Diretor da ABMotéis em Belém, Ricardo Teixeira afirma que, mesmo sem retorno financeiro gerado pela COP30, o setor moteleiro local aproveitou a oportunidade para se posicionar como parte da cadeia de hospitalidade no estado. “Mesmo que os resultados imediatos sejam mais simbólicos do que financeiros, o sentimento do setor é de amadurecimento e aprendizado”, analisa Ricardo na entrevista a seguir.
Como foi o processo de adaptação dos motéis de Belém para a COP30?
Foi um movimento muito positivo. Os motéis de Belém se reinventaram com a COP30. Na Grande Belém, temos cerca de dois mil quartos de motéis e mais de 500 passaram por reformas para atender à demanda do evento. Praticamente todos os estabelecimentos investiram na troca de TVs, ar-condicionados, colchões, enxovais e frigobares. Essa modernização elevou o padrão de conforto e atendimento do setor, deixando um legado duradouro para os clientes, muito além da COP30.
Que tipo de repercussão o evento gerou entre os moteleiros?
No início, o sentimento foi de grande empolgação, traduzido em investimentos e melhorias por parte dos empresários. Mesmo que a ocupação imediata não tenha sido a esperada, o setor enxerga a COP30 como um ponto de virada. O evento projetou Belém e seus meios de hospedagem no cenário internacional, abrindo portas para novos perfis de visitantes e consolidando a imagem da cidade e dos motéis como parte essencial da hospitalidade paraense.
Você percebeu alguma mudança na forma como o público passou a enxergar os motéis por causa da COP30?
De certa forma, sim. O evento ajudou a mostrar uma nova motelaria, mais moderna, acolhedora e conectada às tendências do turismo. As reformas chamaram atenção e mostraram que hoje os motéis de Belém oferecem estrutura, conforto e serviços comparáveis aos de outros meios de hospedagem.

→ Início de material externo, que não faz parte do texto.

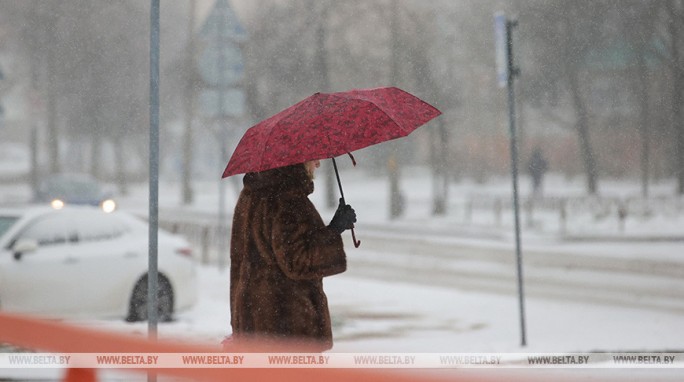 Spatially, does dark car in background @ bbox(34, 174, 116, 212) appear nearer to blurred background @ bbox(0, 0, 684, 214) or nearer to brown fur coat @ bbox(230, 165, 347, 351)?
blurred background @ bbox(0, 0, 684, 214)

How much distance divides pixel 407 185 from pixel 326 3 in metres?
9.74

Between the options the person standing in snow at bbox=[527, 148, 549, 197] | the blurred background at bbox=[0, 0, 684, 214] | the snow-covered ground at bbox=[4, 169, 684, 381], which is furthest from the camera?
the person standing in snow at bbox=[527, 148, 549, 197]

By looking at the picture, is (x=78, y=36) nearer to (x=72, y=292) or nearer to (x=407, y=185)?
(x=407, y=185)

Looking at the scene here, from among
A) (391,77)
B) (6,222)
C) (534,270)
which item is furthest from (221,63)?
(391,77)

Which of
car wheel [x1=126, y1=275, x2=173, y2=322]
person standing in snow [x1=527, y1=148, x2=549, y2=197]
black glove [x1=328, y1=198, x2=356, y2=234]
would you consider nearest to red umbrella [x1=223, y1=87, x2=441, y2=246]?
black glove [x1=328, y1=198, x2=356, y2=234]

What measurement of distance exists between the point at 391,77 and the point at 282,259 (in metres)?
12.6

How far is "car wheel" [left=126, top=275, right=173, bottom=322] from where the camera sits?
28.7 ft

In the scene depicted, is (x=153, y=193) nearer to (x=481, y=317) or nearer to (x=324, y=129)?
(x=324, y=129)

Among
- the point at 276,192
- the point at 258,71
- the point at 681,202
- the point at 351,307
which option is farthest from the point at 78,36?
the point at 276,192

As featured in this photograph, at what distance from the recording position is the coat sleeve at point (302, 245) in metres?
3.32

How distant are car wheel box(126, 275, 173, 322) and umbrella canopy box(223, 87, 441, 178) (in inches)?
206

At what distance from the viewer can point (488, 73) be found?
60.1 feet

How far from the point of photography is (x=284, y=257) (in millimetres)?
3322

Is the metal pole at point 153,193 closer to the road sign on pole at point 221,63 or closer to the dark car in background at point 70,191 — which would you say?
the road sign on pole at point 221,63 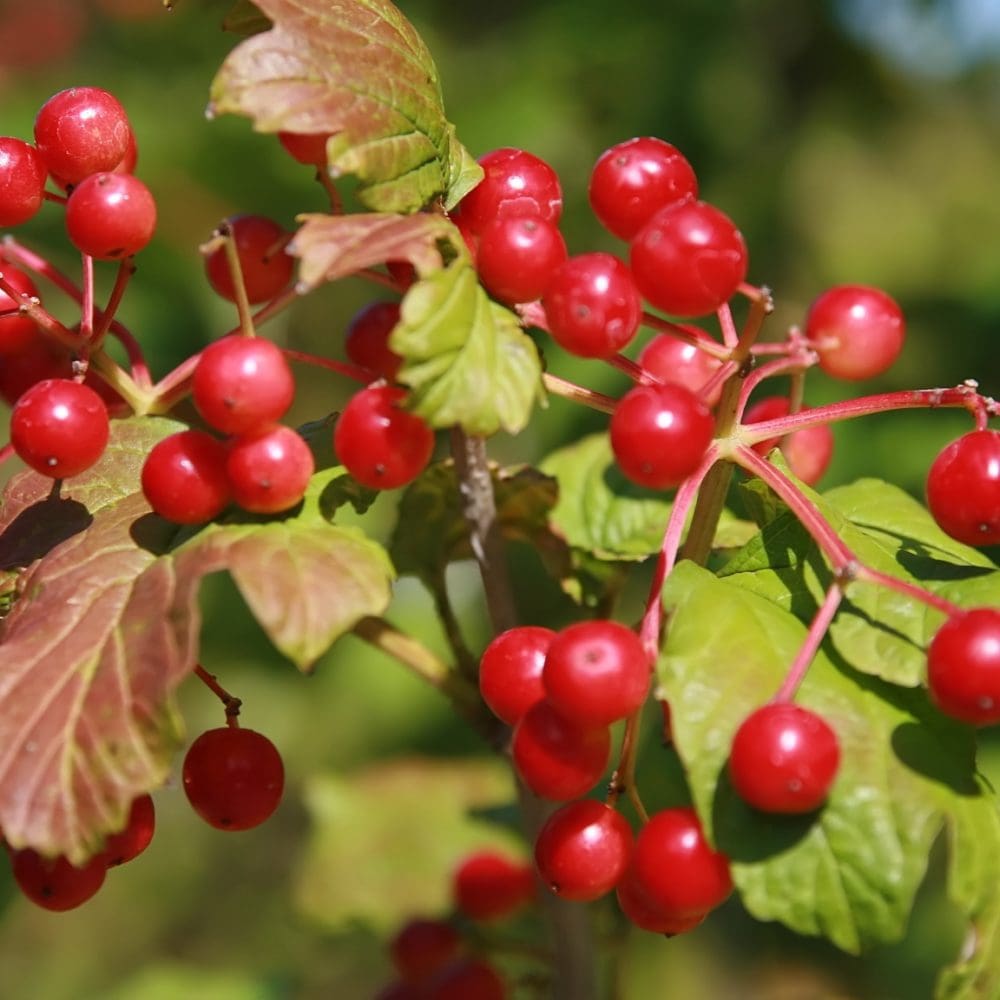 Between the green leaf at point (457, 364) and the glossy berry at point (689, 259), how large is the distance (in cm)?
10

Esse movimento reforçou que somos uma opção prática, acessível e de qualidade para quem busca bem–estar, discrição e uma experiência completa de hospedagem.
A exposição do setor na mídia trouxe a oportunidade de quebrar estigmas e mostrar um outro lado dos motéis. Como foi lidar com a mídia nacional e estrangeira?
Foi uma grande oportunidade. Participei de diversas entrevistas e mostrei que o motel é, sim, uma hospedagem como qualquer outra, com gestão profissional, equipe qualificada, infraestrutura moderna e padrão de qualidade. A diferença está apenas no modelo de cobrança, mais flexível e acessível. Essa exposição na mídia durante a COP30 ajudou a desconstruir tabus e a apresentar uma nova motelaria voltada à hospitalidade, ao conforto e à experiência do cliente.
Como o setor pode aproveitar o pós-COP30 para consolidar uma nova posição no setor de hospedagem?
O desafio é transformar essa vitrine em novas oportunidades, aproveitando o fluxo turístico e a imagem positiva que a COP30 trouxe para Belém. O primeiro passo é buscar reconhecimento oficial junto ao Ministério do Turismo para que os motéis possam integrar o cadastro nacional de hospedagem. Isso trará mais visibilidade, credibilidade e acesso a políticas de incentivo. Paralelamente, é fundamental mantermos o padrão elevado de qualidade conquistado com as reformas, o que certamente vai fortalecer nossa imagem e fidelizar novos públicos.